Adriano Cecioni, nacque nel 1836 a
Firenze e morì improvvisamente nel 1886, teorico e critico
d’arte, fu il solo artista dell’800 italiano per il quale il
concreto operare si pone continuamente in relazione con una
concezione teorica intesa a giudicarlo. Si può dire che egli
conducesse all’estremo, sia nelle opere che nel pensiero, le
posizioni e le contraddizioni implicate nel movimento realista
intorno agli anni ’60. Cecioni ebbe un esordio classico e purista
alla scuola d’Aristodemo Costoli all’Accademia di Firenze, dove
probabilmente apprese ad affrontare temi concettualmente elevati
secondo l’uso accademico gravando l’immagine artistica di valori
teorici e filosofici. Il ’59 vide Cecioni volontario sui campi da
battaglia risorgimentali, dove conobbe Signorini. Dopo questo
incontro egli cominciò a cercare anche per la sua arte, scultura,
l’applicazione di quei principi che venivano discussi al Caffè
Michelangelo. Quattro anni dopo, vinto il pensionato artistico
Cecioni si trasferì a Napoli, dove divenne l’animatore della
“Scuola di Resina”, insieme a De Nittis, De Gregorio e Rossano
dove rimane fino al 1867 e dove modellò alcune opere tra cui nel
1865, il “Suicida”. L’osservazione dei calchi dei cadaveri di
Pompei indussero Cecioni a riflettere come la vita poteva essere
fissata e quasi arrestata da quella tragedia “sorpresa alla
natura”; l’impressione prodottagli dal casuale drammatico verismo
di quelle sculture doveva avergli fatto balenare la possibilità di
raggiungere un analogo verismo operando quella “sorpresa alla
natura” che egli teorizzò più tardi. Nel “Bambino col gallo” del
1868, che fece due anni dopo furore all’Esposizione di Parigi
dando a Cecioni un’inattesa celebrità è evidente l’intento
perseguito sul piano plastico, di operare una “sorpresa” al
movimento e alla vita e quasi di scattare un’istantanea a tre
dimensioni. La concentrazione artistica di Cecioni non era basata
sulla formula “dell’arte dell’uomo”, ma sulla formula “dell’arte
per l’arte”. Teorizzando e sviluppando l’indifferenza
dell’artistica per il soggetto, Cecioni rinnegava senza
accorgersene la possibilità stessa, per l’artista, di fissare il
movimento della vita. Limiti individualistici del realismo di
Cecioni spiegano il relativo provincialismo del suo atteggiamento.

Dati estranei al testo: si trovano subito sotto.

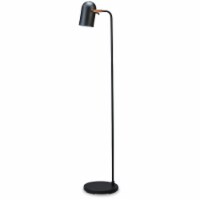 60 Inch Metal Floor Lamp, Curved Design Stand, Adjustable Dome Lampshade- Saltoro Sherpi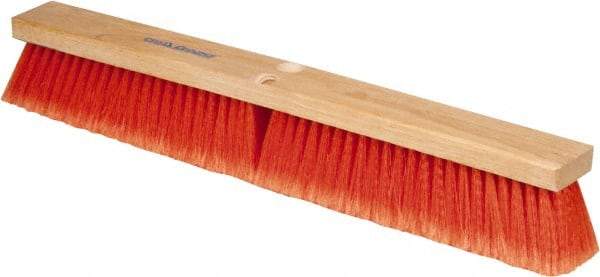 PRO-SOURCE - 24" General Purpose Polypropylene Push Broom - 3" Bristle Length, Wood Block, Threaded Handle Connection, Handle Sold Separately - Benchmark Tooling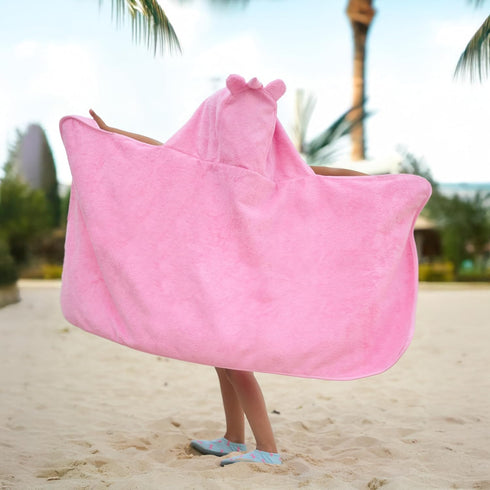 24"x48"+8"/Hooded BAGNO MILANO Kids Organic Turkish Cotton Hooded Beach Cover-Up Towel, GOTS Certified, for Boys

Egli ogni volta che giungeva a Parigi (1870,1871,1873) non vedeva
l’ora di tornare in patria e nemmeno a Londra (inverno 1871-1872),
dove si trovò a suo agio, non riuscì ad organizzarsi e a sfruttare
i successi ottenuti. Spinto dall’ teoria dell’arte per l’arte e da
quella del vero diretto e della “sorpresa alla natura”, Cecioni
era portato a ridurre i limiti del vero e della natura all’anedotto
quotidiano o alle forme elementari del vivere, sostituite dalle
vicende o dagli affetti familiari. Non è un caso che Cecioni
ricercasse i suoi soggetti e realizzasse le sue opere più famose
nell’ambito della vita domestica. Un puttino che impara a
camminare, una ragazza toscana con le mani sui fianchi, “la madre”,
tra dipinti e acquarelli, un bambino che guarda con curiosità la
luce di una lampadina, ragazzi che giocano, la zia Erminiaù. Ad
ognuna di queste opere Cecioni affidava il compito di saturarsi i
valori teorico-filosofici: quello della “sorpresa alla natura”
prima di tutto, poi quello della “santità” della vita domestica, e
infine della “dignità” dell’umile e del modesto.